WhyFlow：面向溯源分析理解过程的交互式调试工具 (WhyFlow: Interrogative Debugger for Sensemaking Taint Analysis)

Taint analysis is a security analysis technique used to track the flow of potentially dangerous data through an application and its dependent libraries. Investigating why certain unexpected flows appear and why expected flows are missing is an important sensemaking process during end-user taint analysis. Existing taint analysis tools often do not provide this end-user debugging capability, where developers can ask why, why-not, and what-if questions about dataflows and reason about the impact of configuring sources and sinks, and models of 3rd-party libraries that abstract permissible and impermissible data flows. Furthermore, a tree-view or a list-view used in existing taint-analyzer's visualization makes it difficult to reason about the global impact on connectivity between multiple sources and sinks. Inspired by the insight that sensemaking tool-generated results can be significantly improved by a QA inquiry process, we propose TraceLens, a first end-user question-answer style debugging interface for taint analysis. It enables a user to ask why, why-not, and what-if questions to investigate the existence of suspicious flows, the non-existence of expected flows, and the global impact of third-party library models.
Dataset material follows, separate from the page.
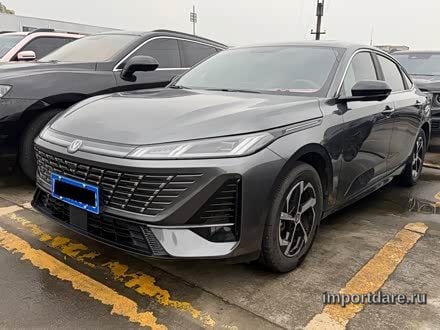 Changan Eado сбоку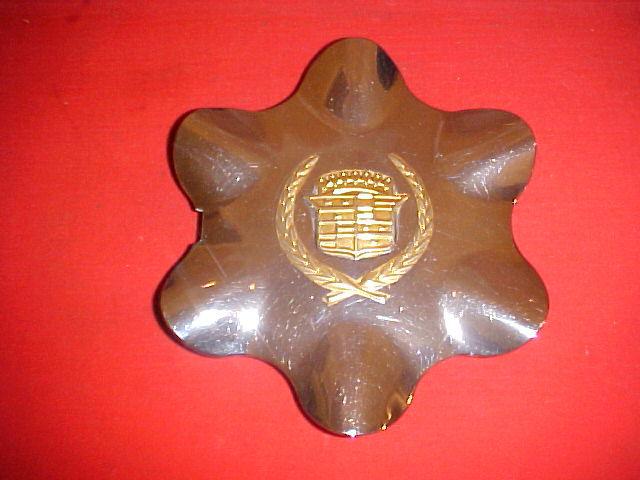 Cadillac escalade wheel cover hub cap center cap part # 9593754 chrome gold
TraceLens performs speculative what-if analysis, to help a user in debugging how different connectivity assumptions affect overall results. A user study with 12 participants shows that participants using TraceLens achieved 21% higher accuracy on average, compared to CodeQL. They also reported a 45% reduction in mental demand (NASA-TLX) and rated higher confidence in identifying relevant flows using TraceLens.
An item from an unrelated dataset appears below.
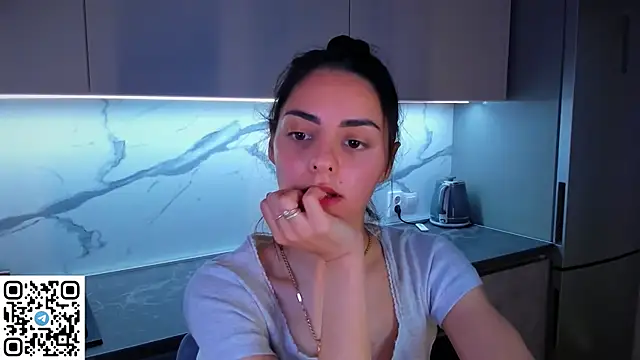 Snapshot of EmiliaZen chatting on 06-24-26, 08:41 EmiliaZen online show from 06-24-26, 08:41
翻译：溯源分析是一种安全分析技术，用于追踪应用程序及其依赖库中潜在危险数据的流动路径。在终端用户溯源分析过程中，探究特定意外数据流出现的原因以及预期数据流缺失的原因，是理解分析结果的重要环节。现有溯源分析工具通常不提供此类终端用户调试功能，使开发者无法就数据流提出"为何存在"、"为何缺失"及"假设性"等质询，亦难以推演配置源节点与汇节点的影响，以及第三方库模型中抽象化许可与禁止数据流的作用机制。此外，现有溯源分析工具可视化界面采用的树状或列表视图，难以呈现多源节点与多汇节点间连通性的全局影响。受"问答式探究过程可显著提升理解型工具生成结果"的启示，我们提出了TraceLens——首个面向溯源分析的终端用户问答式调试界面。该系统支持用户通过提出"为何存在"、"为何缺失"及"假设性"三类问题，分别探查可疑数据流的成因、预期数据流缺失的缘由以及第三方库模型的全局影响。TraceLens通过执行推测性假设分析，协助用户调试不同连通性假设对整体结果的影响机制。一项包含12名参与者的用户研究表明，与CodeQL相比，使用TraceLens的参与者在任务准确率上平均提升21%。参与者同时报告心智负荷（NASA-TLX量表）降低45%，并对使用TraceLens识别相关数据流表现出更高置信度。